■ What you should do
Beneath this line sits some data. Return only its lines from the one holding "Blue gear with" through the one holding "Thumbnail Image 3", inclusive, exactly, with the images removed.

■ Supplied records
——————————
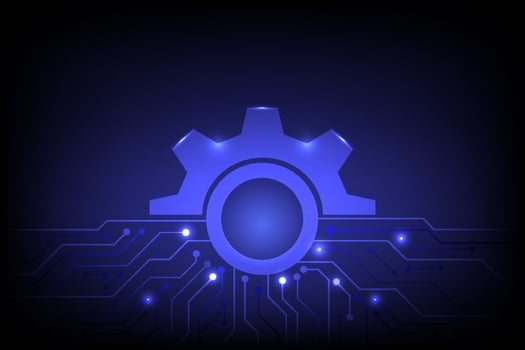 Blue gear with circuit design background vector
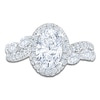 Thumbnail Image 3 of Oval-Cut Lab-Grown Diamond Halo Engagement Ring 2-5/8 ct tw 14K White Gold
——————————
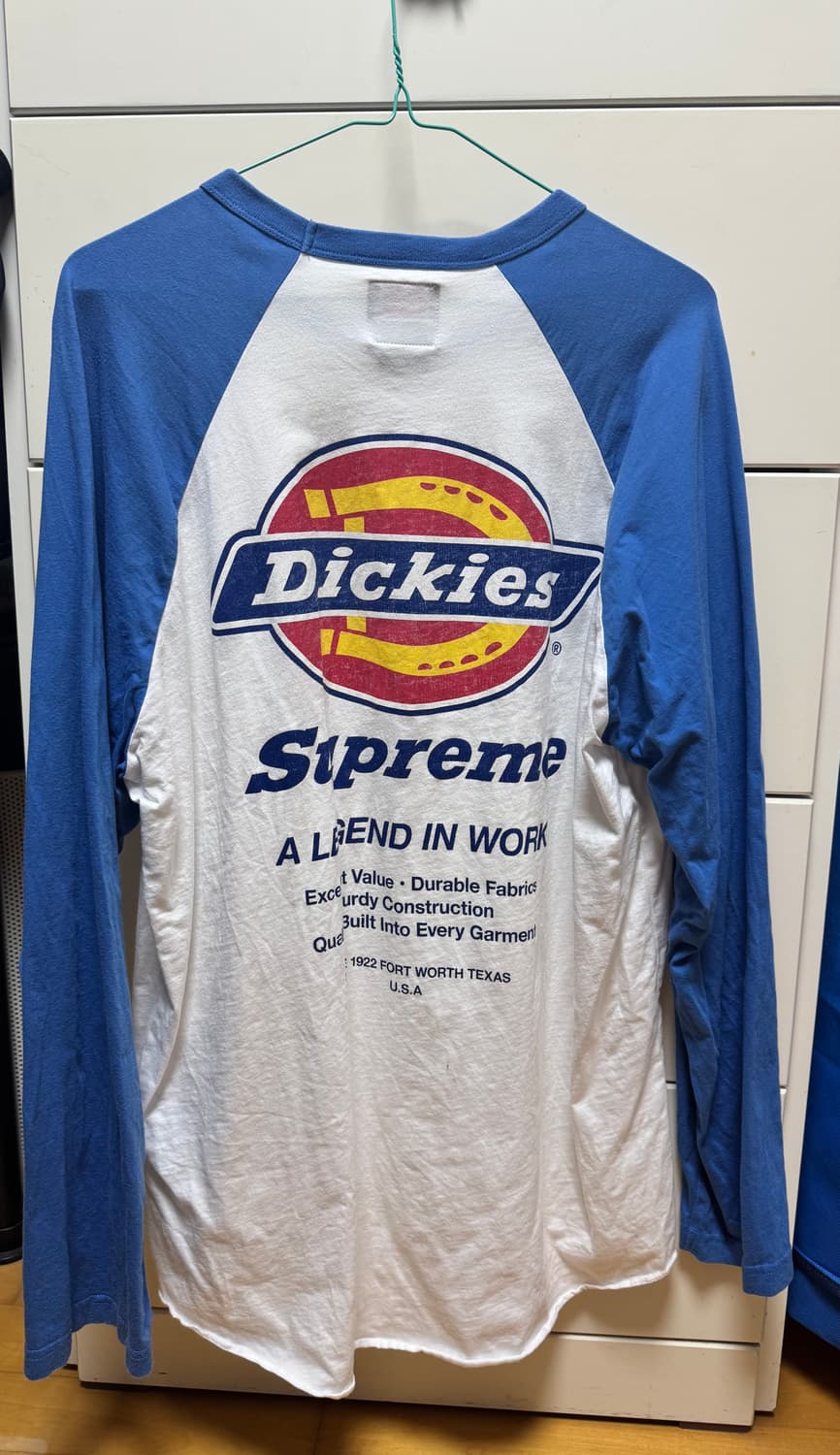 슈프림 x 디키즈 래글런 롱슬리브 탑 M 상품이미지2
——————————
■ Exercise answer
 Blue gear with circuit design background vector
 Thumbnail Image 3 of Oval-Cut Lab-Grown Diamond Halo Engagement Ring 2-5/8 ct tw 14K White Gold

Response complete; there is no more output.